Bizim beklediğimiz daha çok işbirliği ve empati kurmak.
REJİM HERŞEYİ MEŞRU GÖRÜYOR
BMGK'nın esasında Suriye kriziyle alakalı bir açık stratejisi yok.
Aynı sürede düzen tarafında işlenen kimyasal silah suçları ile
ilgili de bir yaptırımları yok. A planı nedir ki burada bırakın B
planını. Suriye rejimi öylesine bir yaklaşıma sahip ki DEAŞ ile
savaş ettikleri için her şeyi mübah sayabiliyorlar. Sığınmacıların
hareketlerini göz önünde bulundurmuyorlar. Halep'e
saldırmaya devam ediyorlar. Bütün devletler DEAŞ'a karşı savaş
etmekte. Bizim de şöyle bir kaygımız var. Belki yüzbinlerce mülteci
Türkiye'ye yaklaşacak. Ama BM'nin sorumluluğudur bunu engellemek
hem Halep'te hem Suriye'de.
ASKERİ DARBEYİ ASLA KABUL EDEMEYİZ
Mısır esasında bölgedeki istikrarın omurgasıdır. Gerçekten çok
aşırı iri uygarlık geçmişi vardır, Mısır halkı da Türk halkının
tarihi dostudur. Ben 1988'de doktora tezimi yazarken bulundum
orada. Mısır kültürünün ne kadar derin olduğunu, Mısır halkının ne
kadar onurlu bir kamu olduğunu da biliyorum. Mısır yapılmaksızın
kapsamlı bir istikrar olmamakta bölgede. Biz de hükümetimiz
zamanında Mısır ile çok aşırı iyi birliktelikler kurmaya çalıştık
ama ilkesel şekilde politikalarımız var. Biz hiçbir süre askeri
darbeyi kabul etmiyoruz ki hele bir seçilmiş cumhurbaşkanına karşı.

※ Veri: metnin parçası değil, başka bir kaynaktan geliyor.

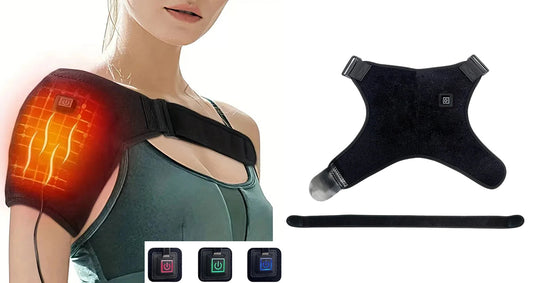 Elektrisk-Opvarmet Skuldermassagestøtte til Smertelindring
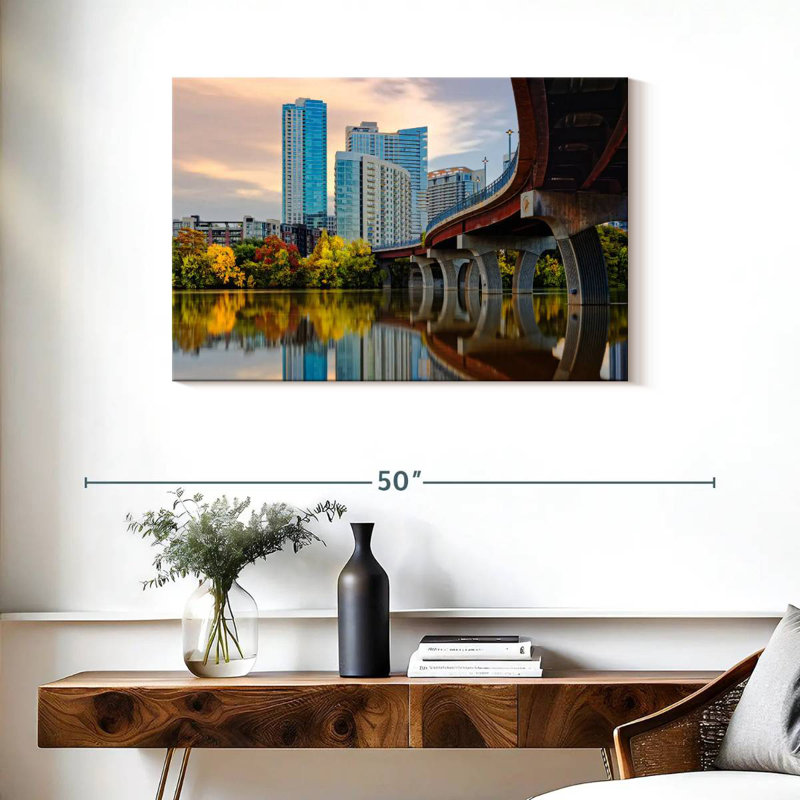 Paysage urbain urbain Sirci Austin, H 24 po x l 36 po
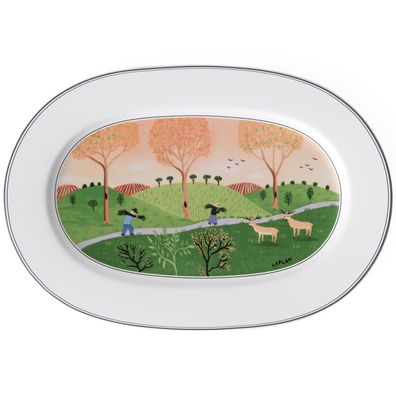 Design Naif Platte oval 342 x 135 x 18 mm | Villeroy & Boch | Art.-Nr. 1023372910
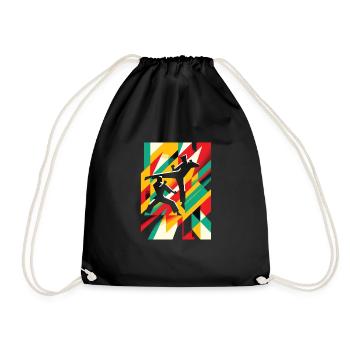 Capoeira - Sac de sport léger - noir - Devant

Seçilmiş bir ülke başkanı bugün Mısır'da hapistedir. Binlerce
hükümlü vardır. Bunların tutuklanma nedeni de askeri darbeye
muhalefet. Bizim Mısır'la ilişkilerimiz bunun dışında gerçekten çok
aşırı güzel. Siyasi problemlerin Mısır halkı nedeni ile çözülmesi
gerektiğine inanıyoruz.
REJİM ATEŞKESE SAYGI DUYMADI
Biraz evvela gerçekte öteki soruya, Suriye'deki ve Halep'teki
durumla ilgili çok aşırı açık ve net bir stratejisi olmadı. Geçici
ateşkesler oldu ama düzen hiçbir süre buna saygı göstermedi,
sözünde durmadı. Nitekim Halep'te de iyi düşünce çabaları
karşısında düzen saldırılara devam etti. Suriye muhalefeti de
çatışmaların durması Şam'da, Hama'da, Humus'ta Dara'daki kişilerin
geleceği yönünde bir şey anlatım etmiyor. Çok daha kapsamlı
çabalara gereksinim var. Biz kalıcı barışın önünü ateşkesler
açılacaksa biz her çeşitli yardıma hazırız.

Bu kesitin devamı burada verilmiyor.